I invite you to take your time and perhaps have a glass of wine or a nip of whiskey while you peruse what I believe is a story that should be told.”
It was a truly great experience to look at the work that Duncan has done to date and to see how far he has progressed and note the blank canvas (actually timber) remaining to be created into art. This bloke seems to have a gift – we saw workman’s aprons, caps and gloves that all look so real but were all skillfully carved from wood and polished to perfection. If you are in this part of Tasmania the WALL is well worth a look.
From Derwent Bridge we drove on up steep ranges and down the other side we went around hair pin bends and back the other way just as quickly (really slowly actually); we passed massive pipelines rushing down hills to convey water to power the hydroelectric power plants they were connected to then rush up the other side of the slope to takes the water to another site. We passed Bronte Park, Tarraleah, Wayatinah, and drove through Ouse and Hamilton before arriving at our planned destination of New Norfolk where we thought we could get mechanical assistance for our ailing motor.
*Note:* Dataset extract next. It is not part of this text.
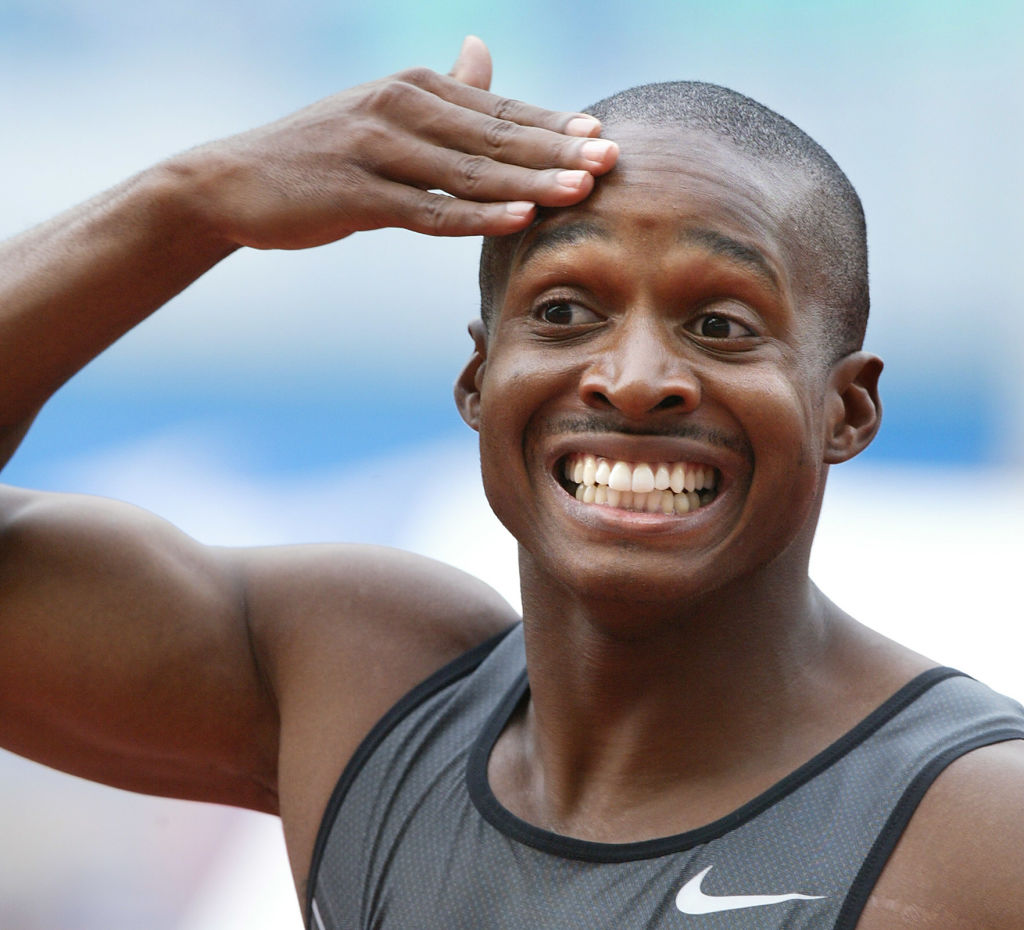 A man holds a hand to his head and looks livid.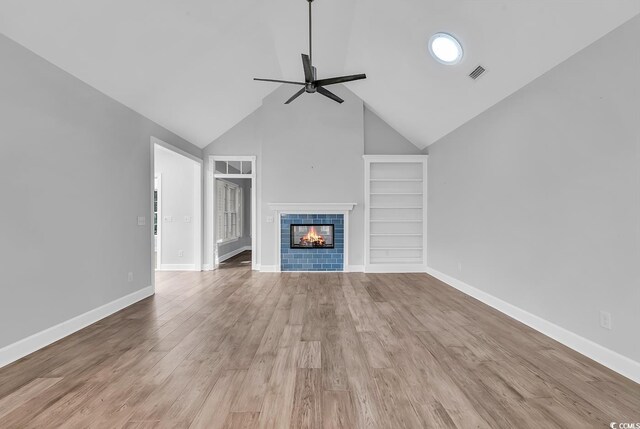 unfurnished living room with ceiling fan, high vaulted ceiling, a tile fireplace, and light hardwood / wood-style flooring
Of course it was Saturday afternoon when we arrived and nothing was open until Monday so we had a quiet Sunday, explored New Norfolk, did some shopping and generally lazed around waiting for Monday. At 8:00am Monday I was waiting outside the door of an auto shop that had been recommended by the Caravan Park Manager; things start later in New Norfolk and it was not until 8:30am that anyone turned up. I told my tale of woe and entrusted my vehicle to the proprietor and walked back to the caravan park along the Derwent River. We retrieved the vehicle Monday afternoon and while the mechanic had serviced the truck he had not been successful in turning off the warning lights; he also alerted us to the fact that the differential seal needed replacement and provided the contact details for the Nissan dealer in Hobart who would replace the seal under warranty and correct the warning light situation.
This morning we moved on to Hobart and will base ourselves here for a few days while we take some day trips north and south to see various other places in the region. We are staying at the Treasure Island Caravan Park conveniently situated close to the Cameron Bay Water Treatment Plant – slightly odoriferous with the prevailing breeze but right on the banks of the Derwent. The truck is booked into the Nissan workshop at 8:00am on Thursday and we hope it will be trouble free at days end.